Book review: The Whaler and the Girl in the Deadfall
Influenced by real events of fall 1998 to spring 1999, when the Makah harvested their first whale in seven decades and made headlines worldwide, Mahlon Kriebel (’58 zoology) blends fact with fiction and explores the history of the whale hunt as well as complex cultural issues and tensions past and present. He provides historical context peppered with references to Native works of art, fiction, films, museum exhibits, and more.
Gray whales are migrating from Baja to the Bering Sea, and Quanah—a mixed-race, blond-haired member of the Makah Tribe intent on finding a pod—takes his late father’s old boat into the Strait of Juan de Fuca one overcast morning. He doesn’t tell his mother, but he’s scouting for a hunt. He believes harvesting a whale will strengthen his Native identity and help unify regional tribes. He gathers a crew, sets out in a hand-hewn canoe, and succeeds in his mission only to be arrested and jailed.
Defending him is young environmental lawyer Alana Svoboda, who recently moved to Seattle from Syracuse. She’s on a quest of her own: learning the fate of her grandfather, who disappeared 40 years ago at 26, the same age Alana is now. Along the way, she endures a string of dramatic events and learns about the customs and beliefs of coastal tribes, including the Circle of Life and water-beast Wasgo. Her newfound knowledge leads her to persuade the whaler, now a friend as well as a client, to help her test her theory about her long-lost relation.

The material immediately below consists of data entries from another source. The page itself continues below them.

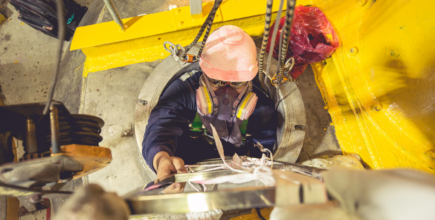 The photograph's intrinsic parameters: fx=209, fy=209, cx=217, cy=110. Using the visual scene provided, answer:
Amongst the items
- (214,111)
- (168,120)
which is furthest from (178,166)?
(214,111)

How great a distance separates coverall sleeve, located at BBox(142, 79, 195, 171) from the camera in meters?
1.64

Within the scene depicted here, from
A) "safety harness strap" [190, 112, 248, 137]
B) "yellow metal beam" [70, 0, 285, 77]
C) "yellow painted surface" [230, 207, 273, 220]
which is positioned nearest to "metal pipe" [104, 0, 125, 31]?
"yellow metal beam" [70, 0, 285, 77]

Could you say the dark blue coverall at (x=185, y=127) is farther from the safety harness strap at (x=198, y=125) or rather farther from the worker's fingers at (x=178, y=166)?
the worker's fingers at (x=178, y=166)

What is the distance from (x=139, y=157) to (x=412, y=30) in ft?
7.49

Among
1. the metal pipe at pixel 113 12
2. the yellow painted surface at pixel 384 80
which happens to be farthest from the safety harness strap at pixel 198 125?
the metal pipe at pixel 113 12

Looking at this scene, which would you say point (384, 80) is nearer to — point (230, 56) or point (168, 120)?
point (230, 56)

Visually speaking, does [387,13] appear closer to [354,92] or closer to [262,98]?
[354,92]

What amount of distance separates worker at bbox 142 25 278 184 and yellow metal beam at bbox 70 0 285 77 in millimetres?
496

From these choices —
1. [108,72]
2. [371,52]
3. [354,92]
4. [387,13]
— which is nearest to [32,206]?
[108,72]

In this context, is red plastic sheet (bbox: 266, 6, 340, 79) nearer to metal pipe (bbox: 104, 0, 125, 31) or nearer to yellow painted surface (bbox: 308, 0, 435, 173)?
yellow painted surface (bbox: 308, 0, 435, 173)

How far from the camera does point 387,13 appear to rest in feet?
5.05

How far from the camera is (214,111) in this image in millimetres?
1848

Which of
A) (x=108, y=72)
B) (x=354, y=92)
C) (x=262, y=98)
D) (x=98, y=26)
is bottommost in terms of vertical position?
(x=354, y=92)

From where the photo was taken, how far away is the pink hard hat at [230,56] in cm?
158
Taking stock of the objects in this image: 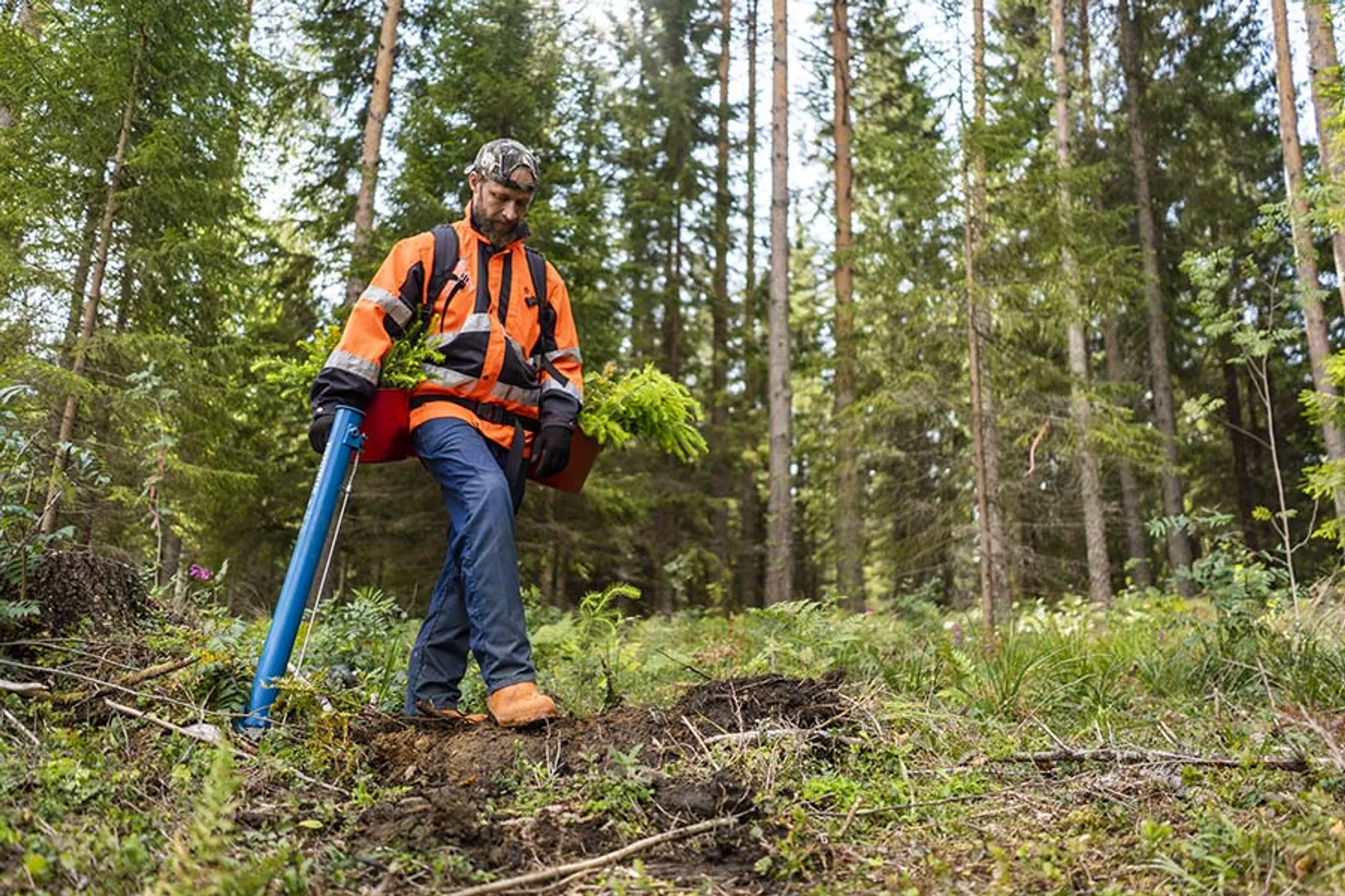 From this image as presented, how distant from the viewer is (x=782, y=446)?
13.2 metres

Kriebel, a neurophysiologist, displays his expertise of brain function in a couple of chapters of almost entirely direct discourse. A professor for more than 30 years at the State University Health Science Center in Syracuse, New York, he published some 70 papers in his field as well as developed educational materials for chaos theory. Born and raised in Garfield, Wash., he returned to the family farm in retirement in 2002. His familiarity with the natural world of the Pacific Northwest is evident in his writing, which offers a keen sense of place, particularly of the northwesternmost region of the contiguous United States where the Makah call home.